米大統領選挙が近づいてきた。米共和党のトランプ前大統領と米民主党ハリス副大統領との戦いだ。ランニング・メイトも決まり、いよいよ11月5日に向けて選挙戦はヒートしてきた。

米中西部ウィスコンシン州ミルウォーキーで開催された共和党全国大会で演説するニッキー・ヘイリー元国連大使(2024年7月16日、桑原孝仁撮影)

トランプ氏は暗殺未遂事件を乗り越え、その際の英雄的な振舞で株を挙げた一方、ハリス氏はバイデン現大統領の陰に隠れてそのプロフィールが不明だったが、ここにきて米大統領史上初の女性大統領という王冠を目指して健闘中だ。一部の世論調査ではハリス氏がトランプ氏を抜いてトップを走っている、という結果も報道されている(「ハリス副大統領を侮ってはならない」2024年7月24日参考)

米大統領選は単にワシントンのホワイトハウスの主人を決める4年毎の選挙というだけではなく、世界の政治情勢、経済情勢に大きな影響を与えるだけに、その注目度は断トツだ。イスラエルとハマス間のガザ紛争、ロシアとウクライナ間の戦争の行方も誰がホワイトハウスの主人に就任するかで大きく変わってくる。それだけに、新しい米大統領が選出されるまで、中東紛争、ウクライナ戦争などで突発的な事態が発生しやすい不安定な時期に入っている。
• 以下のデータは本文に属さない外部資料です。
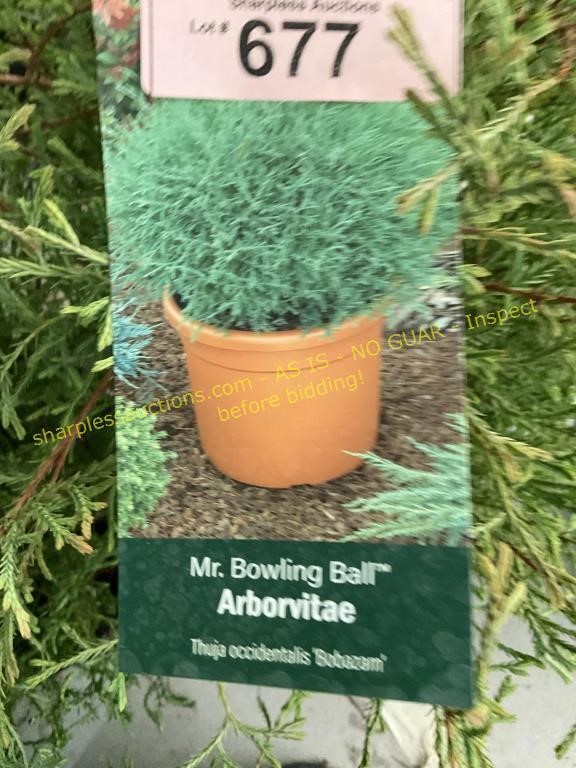 3 gallon Mr. Bowling Ball Arbovitae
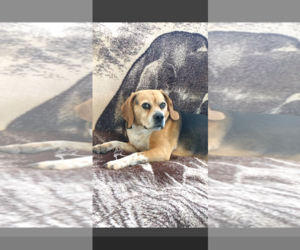 Louie-He's got a sponsor! - Male Puggle Dog for Adoption - Photo #10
前口上はこれまでにして、米共和党のトランプ陣営で動揺が見られる、というか苛立ちを感じる。トランプ氏はバイデン大統領の高齢問題、それに伴う職務履行能力を厳しく追及する選挙戦略を実施し、暗殺未遂事件直後まではその選挙作戦は一定の成果があったが、バイデン氏が再選出馬を断念し、ハリス副大統領が登場してからトランプ氏に動揺が見られるのだ。自分より20歳余り若いハリス氏の出馬でトランプ氏が追及してきた高齢のバイデン大統領の職務能力問題は賞味期限が過ぎただけではなく、トランプ氏自身(78)がハリス氏(59)から同じ問題(高齢)を追及される状況に陥ってしまったのだ。